M. Blanchot (La escritura del desastre)
Estuvo cerca de convertirse en un escritor sin rostro, un escritor cuyo único espejo sería su propia escritura. Acometió la novela (de especial cuño) y el relato corto, el ensayo crítico y la escritura fragmentaria. Sus textos de crítica devienen, por obra y gracia de agudeza y estilo, piezas de creación literaria, mientras que sus relatos lindan con la prosa subjetiva en la tradición ensayística. Una estética de la fragmentación, el aislamiento y el silencio acompañó sus reflexiones sobre la pérdida de identidad, los límites del pensamiento y la palabra y la posibilidad de expresión, en la muy tensa línea que va de lo imposible de la expresión a la expresión de lo imposible. En la estela de Mallarmé, recorrió las preguntas sobre el Libro como totalidad, como analogía del universo, y sobre el modo en que el acto de escribir comienza cuando surge la pregunta: ¿qué es escribir? (Pregunta germen, por cierto, de la literatura llamada posmoderna).
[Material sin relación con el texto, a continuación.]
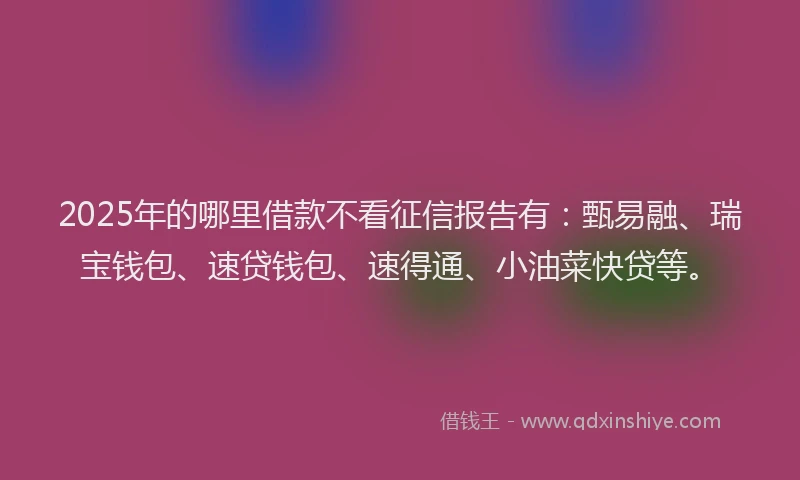 2025年的哪里借款不看征信报告有：甄易融、瑞宝钱包、速贷钱包、速得通、小油菜快贷等。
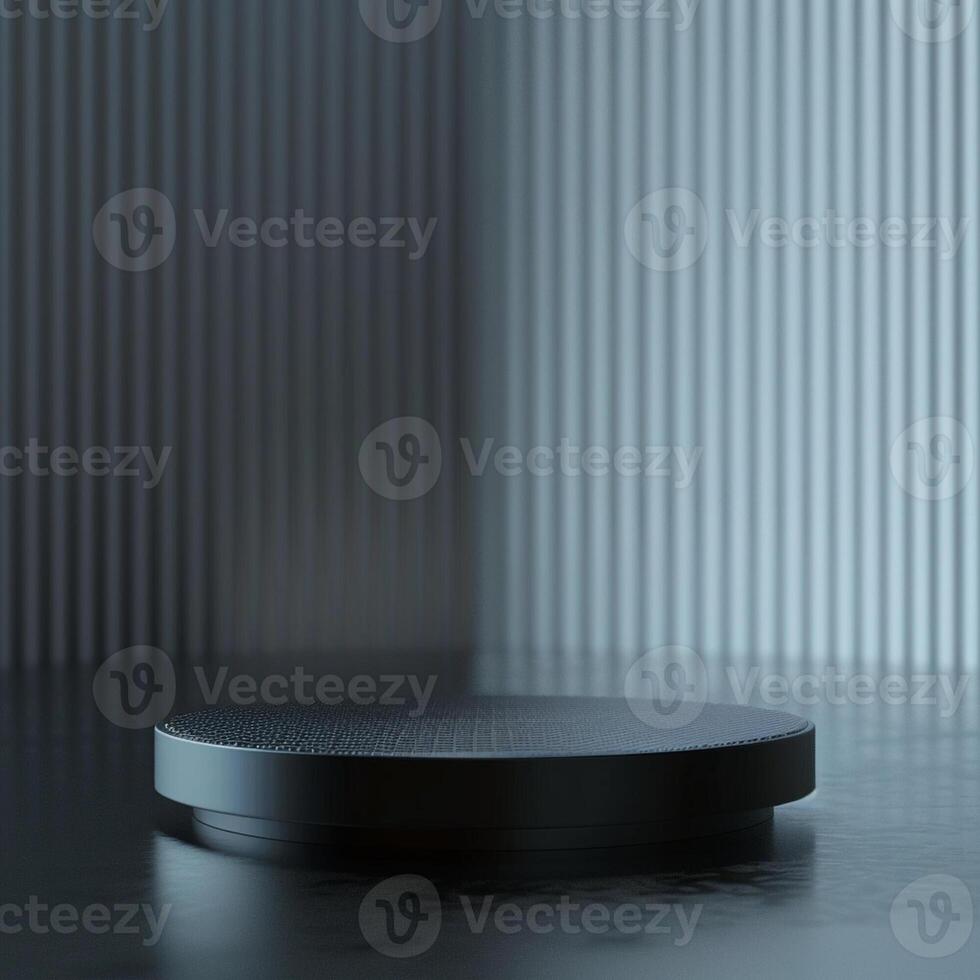 A black round table with a light on top photo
De joven estudió psiquiatría y medicina, carreras que no ejerció, pero en las que sin duda empezaría a interrogar al cuerpo como fuente de signos, a indagar en torno a la muerte, a presentir el ser como insuficiencia. De precaria salud toda su vida (en lo que algunos vieron el por qué de su retiro), no vio impedimento para vivir casi un siglo y -teórico del desobramiento y la ausencia de obra- dejar una obra sin parangón en la literatura; si admitimos que lo que se llama obra en Blanchot no es sino el continuo ejercicio ("Toda mi obra es sólo un ejercicio", decía en El libro que vendrá) de pensar y escribir la imposibilidad de la obra literaria, de escribir desde otro lugar que no sea la íntima exterioridad que funda un habla de escritura: "Escribir: Trazar un círculo en cuyo interior vendría a inscribirse el Afuera de todo círculo".
Para el escritor, decía, la experiencia del habla (parole) de escritura, ese Afuera, es lo que se llama literatura.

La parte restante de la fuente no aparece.